Any of those options would certainly reduce production of affordable homes – and probably the overall number of market homes built.

“Introduce binding targets for planning authorities.”

As any planning officer can tell you, those targets Sir Keir has so much faith in are just requirements to allocate land in local plans for market builders to build as many low-density greenfield homes as suits their commercial interests. But it doesn’t make them build a single home. The big boys have plans to buy bigger yachts and they don’t give a monkey’s about Government targets.

“It’s obviously vital that local communities continue to shape house building in their area.”

What then? Stronger planning powers for councils? Don’t think that’s what he meant.

Still, perhaps Sir Keir has finally looked at the post-war building heritage he keeps citing and remembered that very high building levels were only achieved by building lots of council, or possibly housing association, homes?

“Labour won’t be afraid to use intervention powers to build the houses we need where necessary… we will prioritise social rented accommodation wherever appropriate.”

Good news if true; the real “housing crisis” certainly needs them. But has Sir Keir told his Treasury team about this huge change in policy? And, if so, why propose retaining right-to-buy, with only minor changes?

Or is it that when he says “Labour will build homes” or “we’ll make councils build homes”, he just means he thinks smashing up planning will encourage commercial house builders to build more homes. Really?

Perhaps he thinks commercial builders will be so delighted at freedom to build houses on England’s green belts – an institution, like the planning system itself, introduced by Labour – that the viability hurdles will be overcome and many tens of thousands of slightly-less-unaffordable homes will be built for recipients of his “Freedom to Buy” scheme?

“We’d take a more strategic approach to greenbelt land to build more homes in the right places.”

“Strategic” here, is presumably used in the sense of “unsustainable car-dependent sprawl”. Green belts, however, continue to do the heavy lifting in Labour’s market house building ambitions.

“In so many places, land currently registered as green belt would better be described as a ‘grey belt’ of disused carparks and dreary wasteland.”

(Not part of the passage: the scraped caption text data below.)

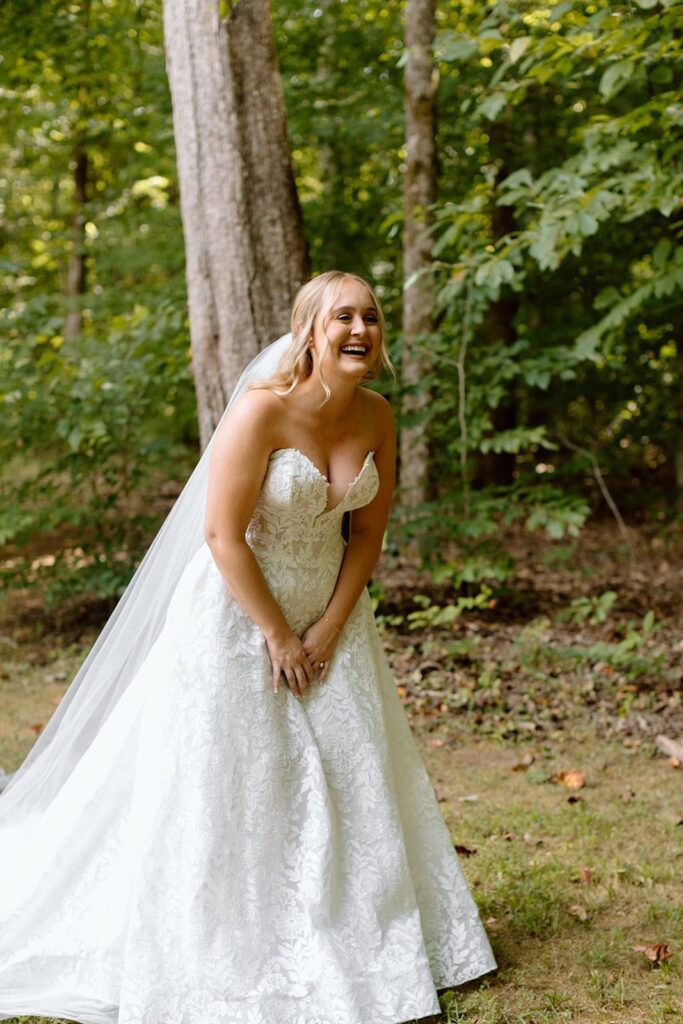 bride laughing seeing her dad during their first look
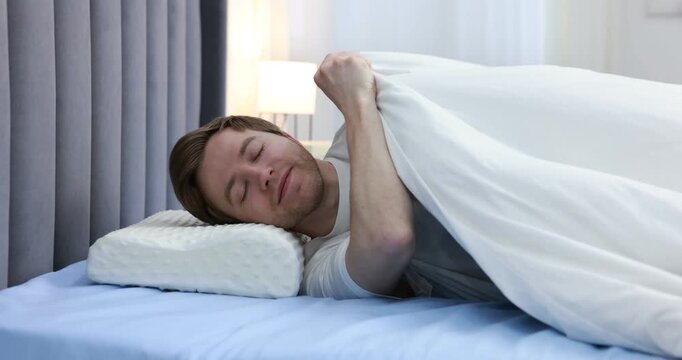 Man lying on bed with orthopedic pillow at home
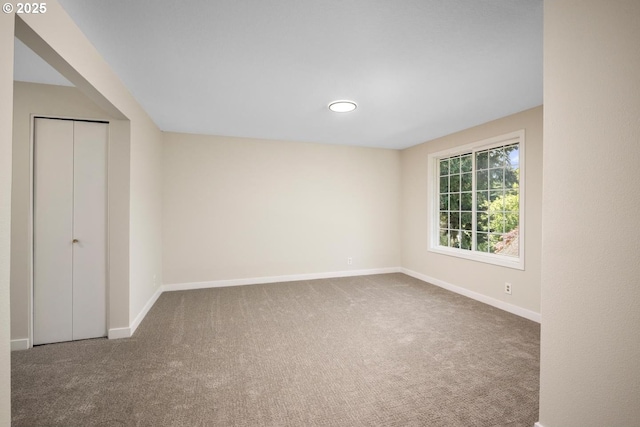 carpeted spare room featuring baseboards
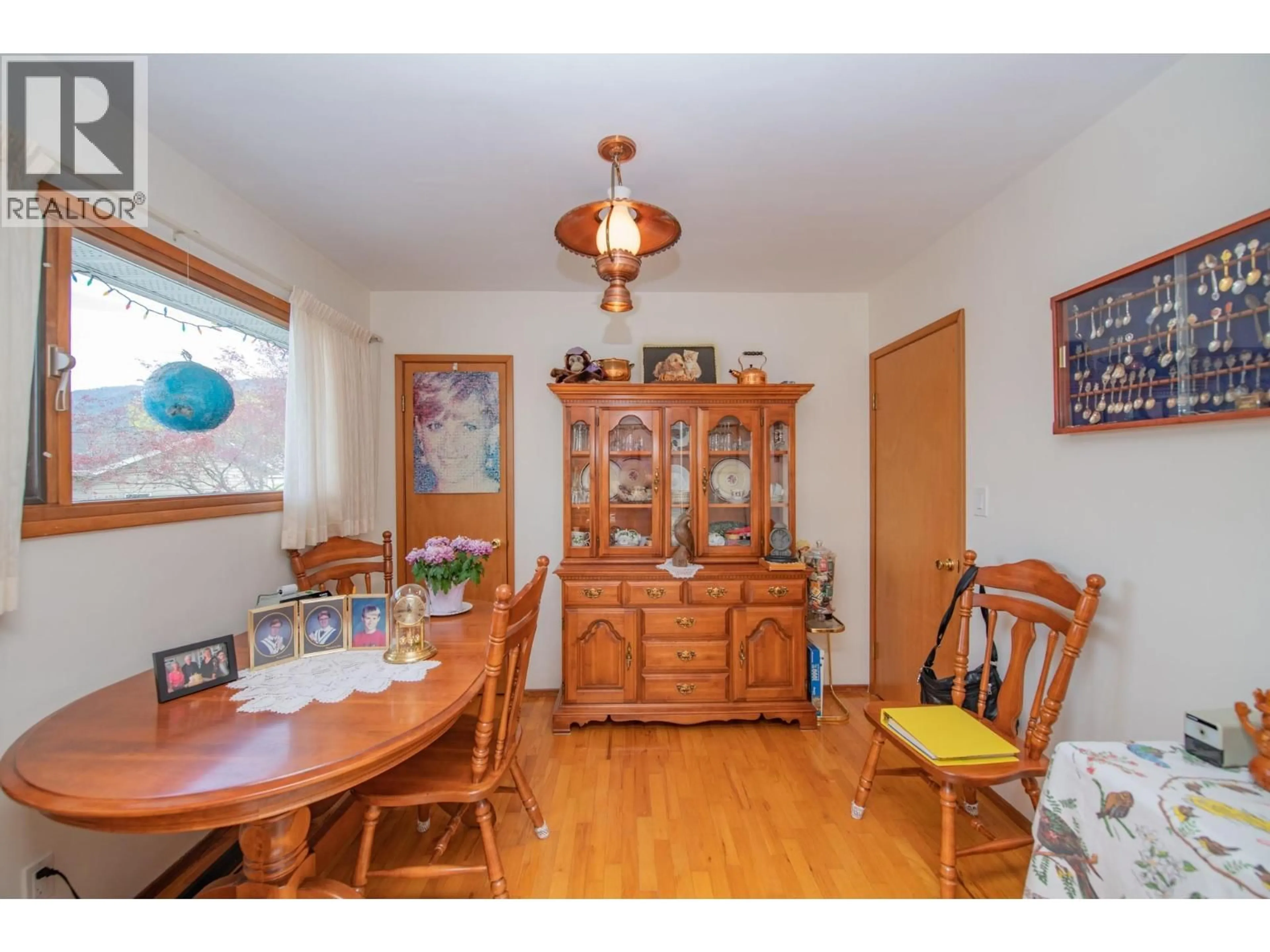 Dining room, wood/laminate floor for 2007 29 CRESCENT, Vernon British Columbia V1T1Y6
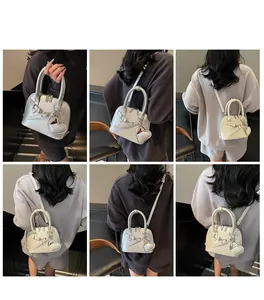 Collage of model showcasing shell crossbody bag in silver and beige with heart charm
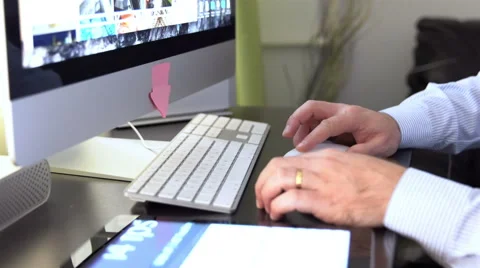 Close up of businessman hands typing on computer keyboard Stock Footage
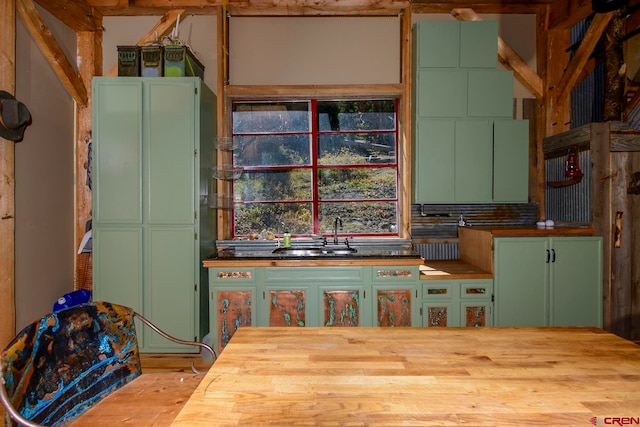 kitchen featuring light hardwood / wood-style flooring, sink, green cabinets, and tasteful backsplash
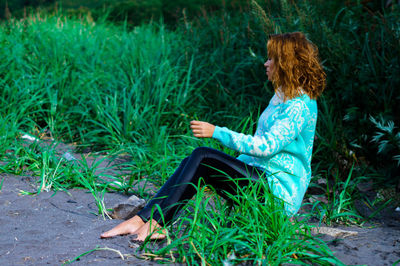 Full length of woman sitting on dirt against plants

This Old Grey Piffle Test does keep changing. It’s been “disused petrol stations”, “scrub”, “disused car washes” and “wasteland”, Now our tiny legacy of disused car parks can add to the tiny but contaminated legacy of disused petrol stations and nature-rich scrubland to provide the one-and-a-half-million homes Sir Keir wants to see.

Thousand-storey tower-blocks anyone? Green belts would certainly look “dreary” then.

Perhaps Sir Keir thinks attacking an, er, historic Labour legacy makes him look tough. Well, perhaps he should remember that quite a few English cities don’t have green belts on whose “dreary” bits to dump sprawl. Leicester, Southampton, Portsmouth, Norwich, Exeter, Peterborough, Ipswich, Chelmsford, Colchester, indeed anywhere on the south or east coasts apart from Bournemouth etc., etc..

Well, you get the picture, no ”grey belt” opportunities there. Maybe time to exercise some grey matter?

The rest of it doesn’t amount to much and I’m afraid if Sir Keir fancies a job as a writer on Inside Housing, he’ll need to work harder than this. It belongs on the electronic version of the old “spike”.

Perhaps it’s time Labour’s leadership stopped letting Tufton Street’s neoliberal think-tanks determine their policy on housing and planning.